--- WHAT THE TASK REQUIRES ---
Return the listing verbatim, images left out.
::::::::::
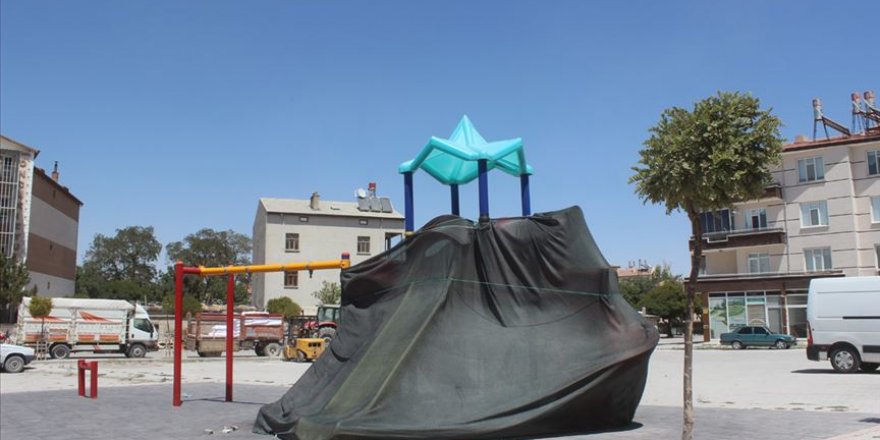 Konya'da oyun parkları Kovid-19 tedbirleri kapsamında çadırla kapatıldı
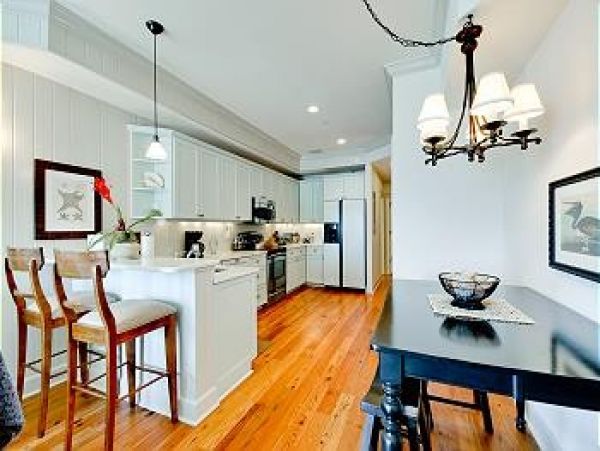 Two Bedroom Gulf Front Rental Condo in Holmes Beach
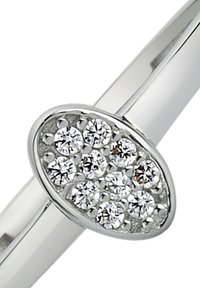 Bague en argent avec une pièce centrale ovale texturée ornée de plusieurs pierres claires disposées en cercle. Anneau lisse et poli.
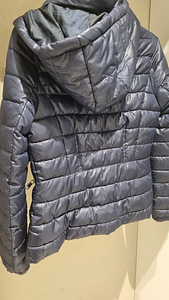 Женские куртки (3 фото из 5)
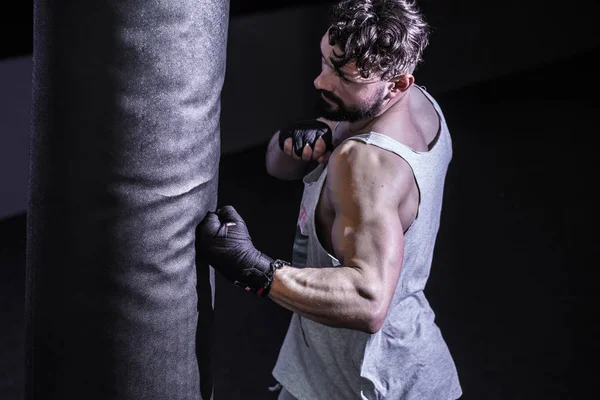 Hombre deportivo bolsa de boxeo en el gimnasio —  Fotos de Stock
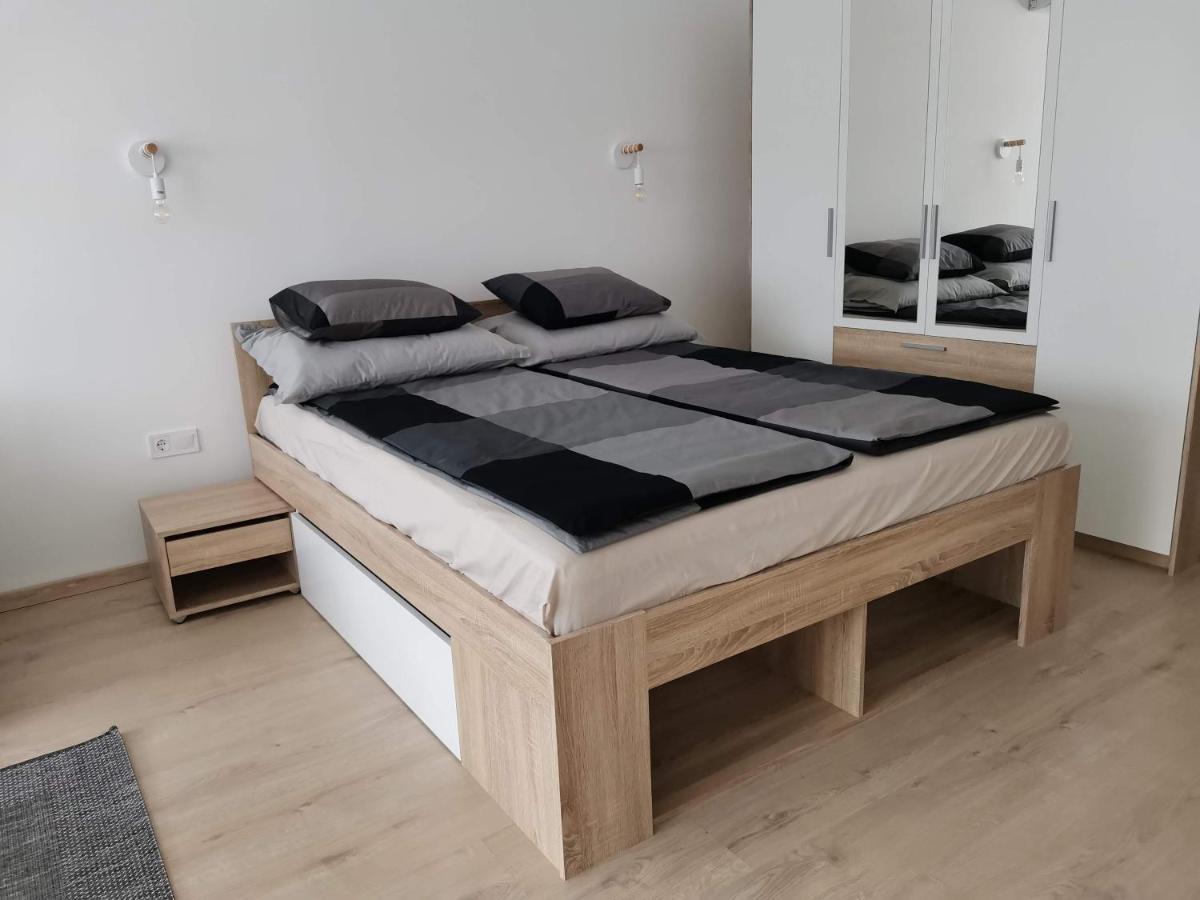 Sweet Life Apartman Eger Extérieur photo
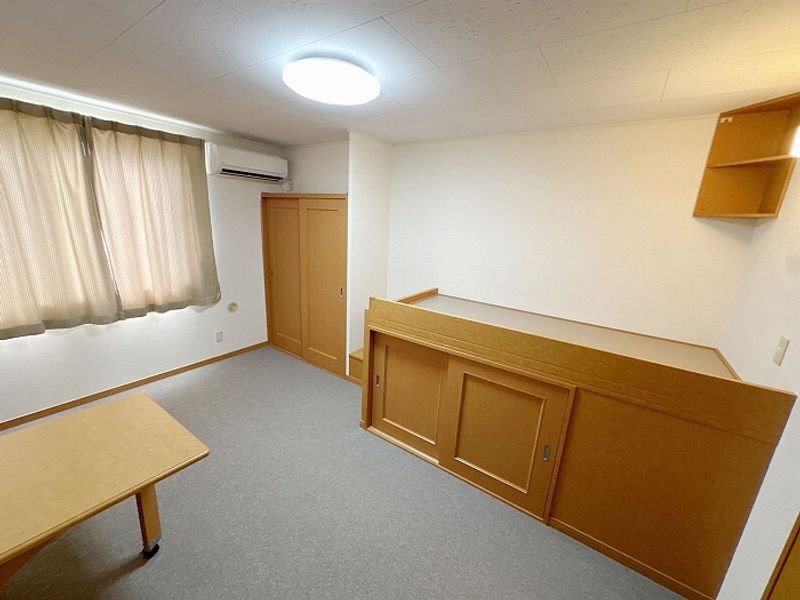 レオパレスグリーンリバー２ 居間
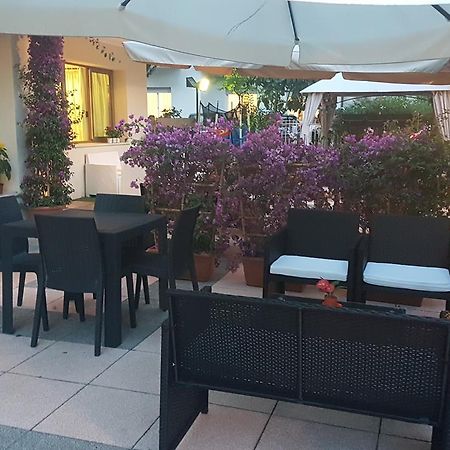 Hotel Fucsia Riccione Kültér fotó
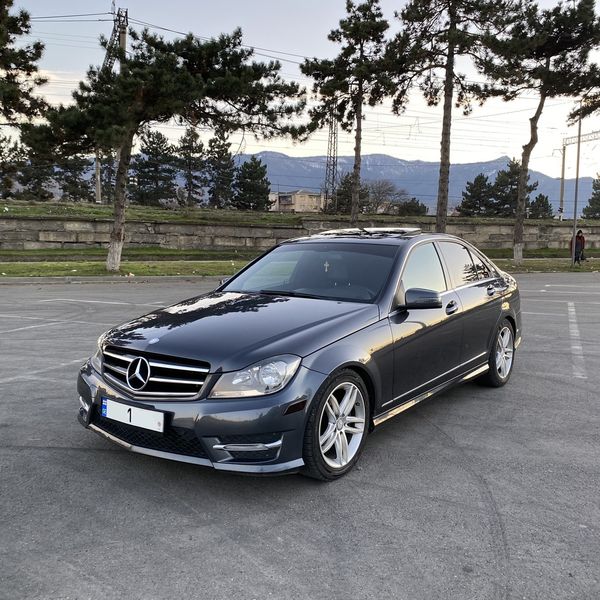 Mercedes-Benz C • 2014 • 117,170 km 2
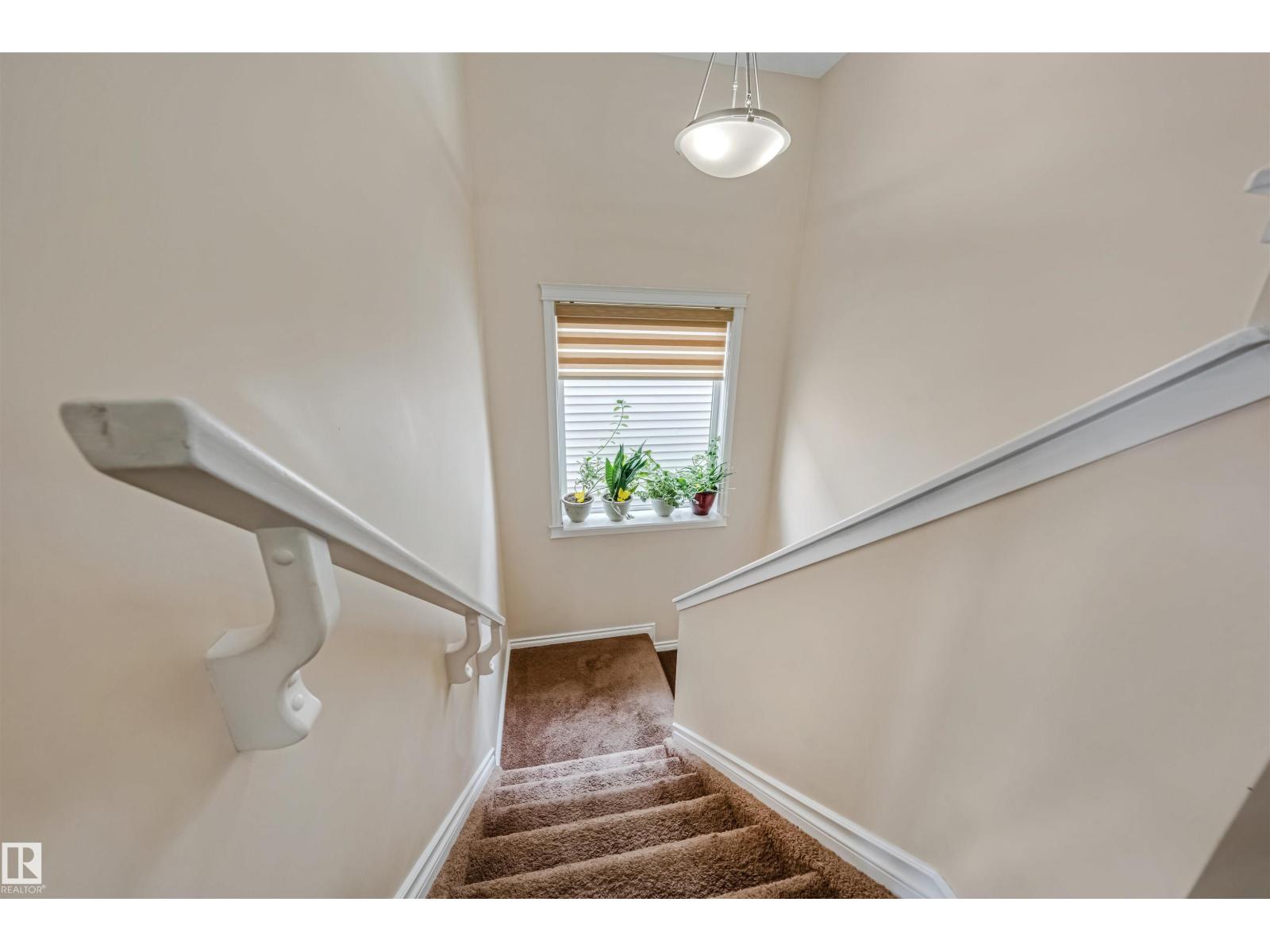 2314 22 AV NW, Edmonton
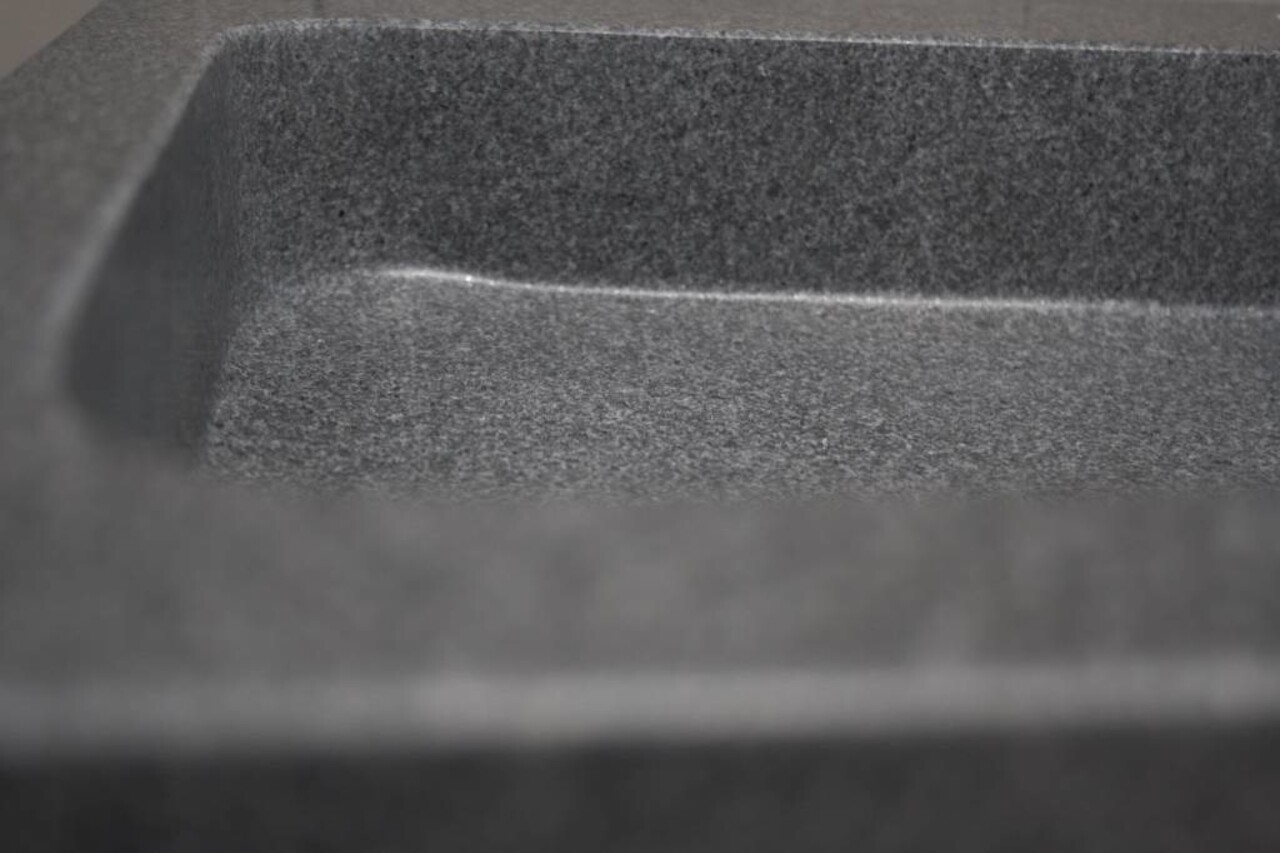 Granieten wastafel 140 cm met 2 kraangaten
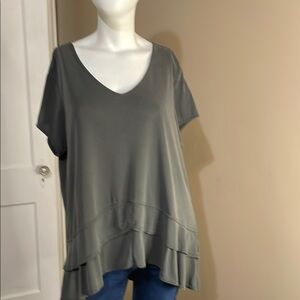 GreenTea Green Tiered Tunic Blouse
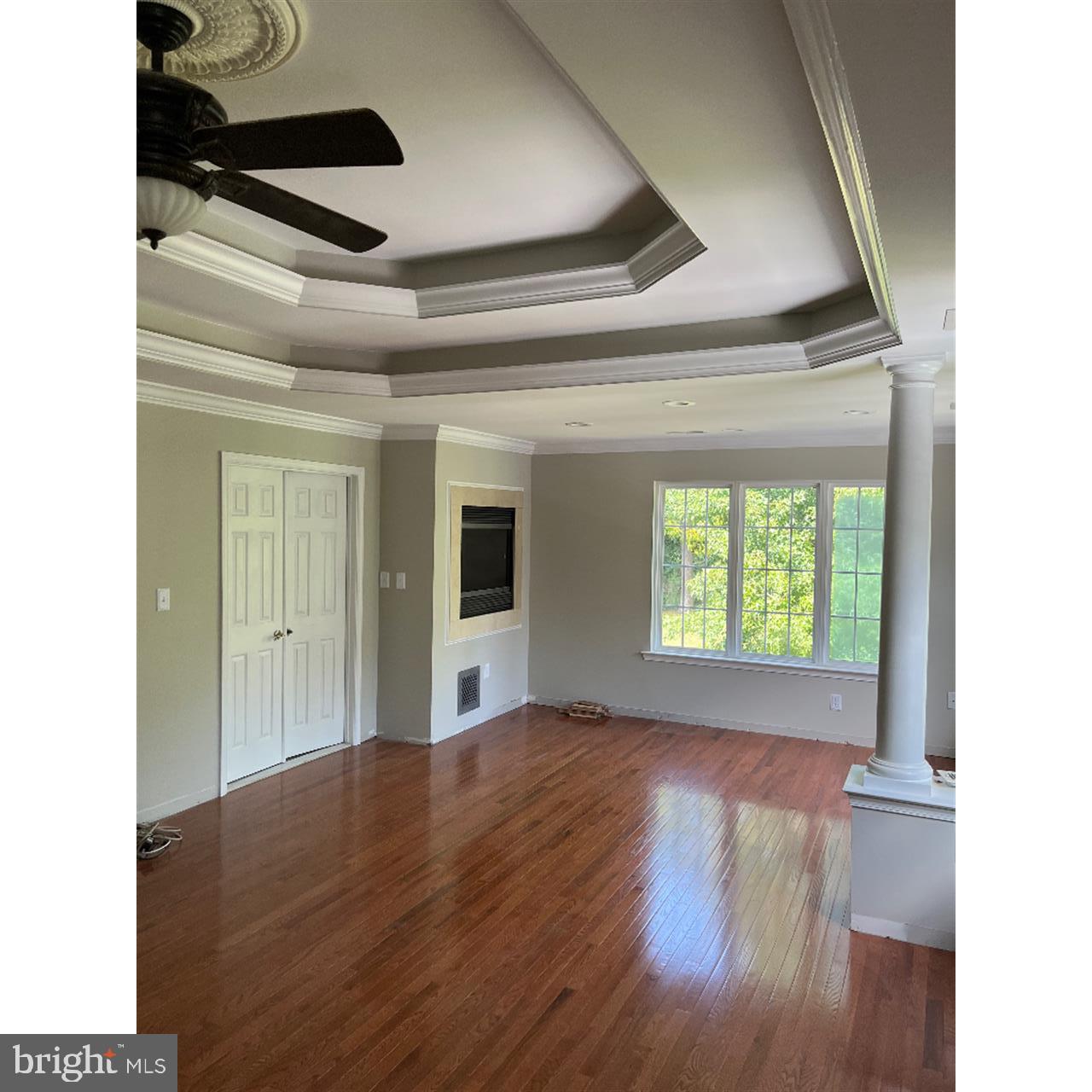 ISLAND CREEK WOODS - Residential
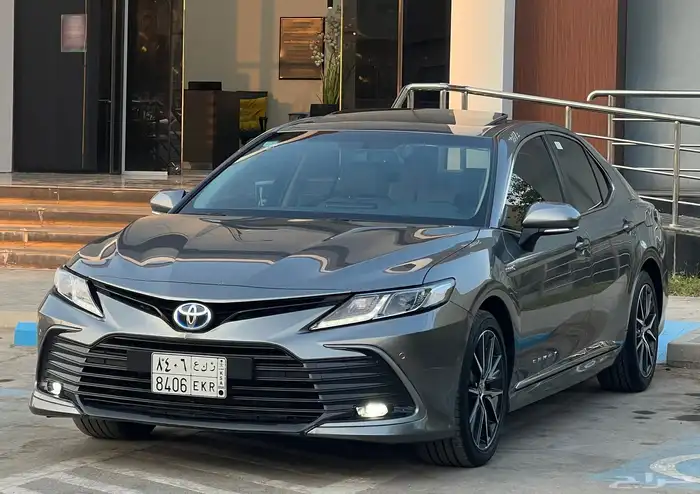 تويوتا كامري 2024 GLE (هايبرد) 0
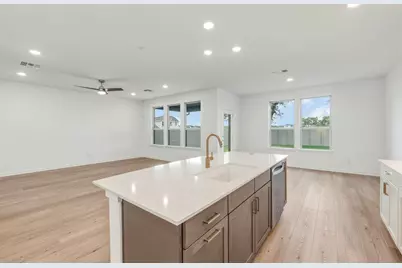 1816 Spring Mountain Cove, Georgetown, TX 78628 - Photo 5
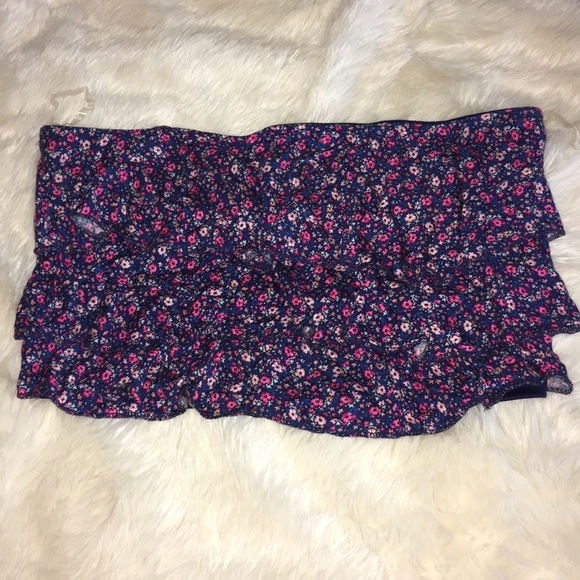 Charlotte Russe crop top - Picture 2 of 5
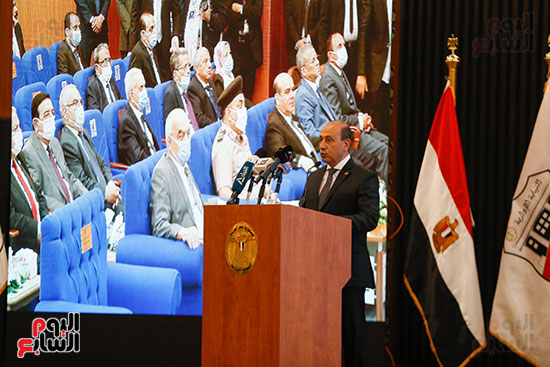 وزير العدل أثناء افتتاح مجمع النيابات الإدارية (28)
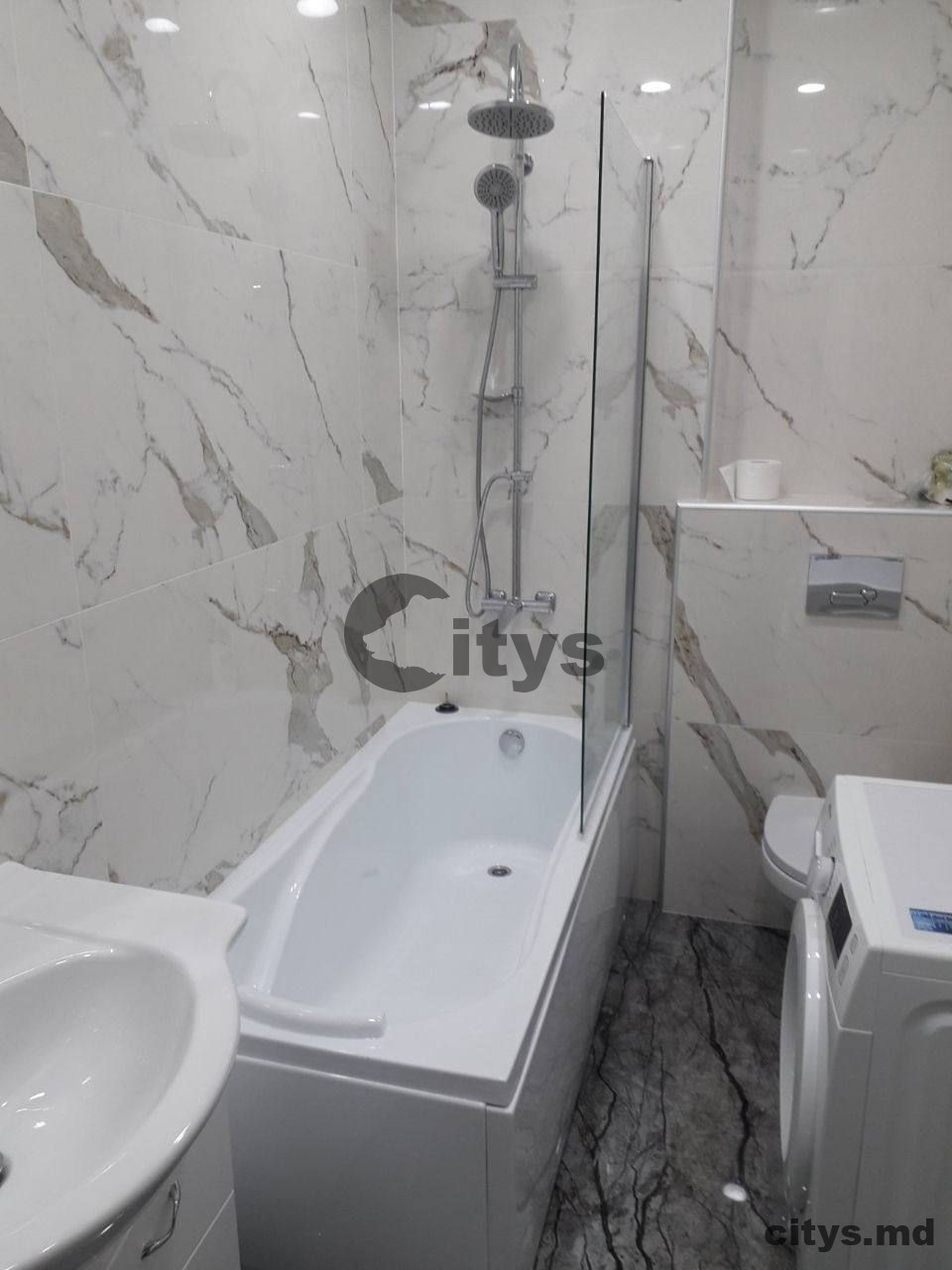 1 комнатная квартира,Centru  48м², str. Avram Iancu photo 4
::::::::::
--- WRITTEN REPLY ---
 Konya'da oyun parkları Kovid-19 tedbirleri kapsamında çadırla kapatıldı
 Two Bedroom Gulf Front Rental Condo in Holmes Beach
 Bague en argent avec une pièce centrale ovale texturée ornée de plusieurs pierres claires disposées en cercle. Anneau lisse et poli.
 Женские куртки (3 фото из 5)
 Hombre deportivo bolsa de boxeo en el gimnasio —  Fotos de Stock
 Sweet Life Apartman Eger Extérieur photo
 レオパレスグリーンリバー２ 居間
 Hotel Fucsia Riccione Kültér fotó
 Mercedes-Benz C • 2014 • 117,170 km 2
 2314 22 AV NW, Edmonton
 Granieten wastafel 140 cm met 2 kraangaten
 GreenTea Green Tiered Tunic Blouse
 ISLAND CREEK WOODS - Residential
 تويوتا كامري 2024 GLE (هايبرد) 0
 1816 Spring Mountain Cove, Georgetown, TX 78628 - Photo 5
 Charlotte Russe crop top - Picture 2 of 5
 وزير العدل أثناء افتتاح مجمع النيابات الإدارية (28)
 1 комнатная квартира,Centru  48м², str. Avram Iancu photo 4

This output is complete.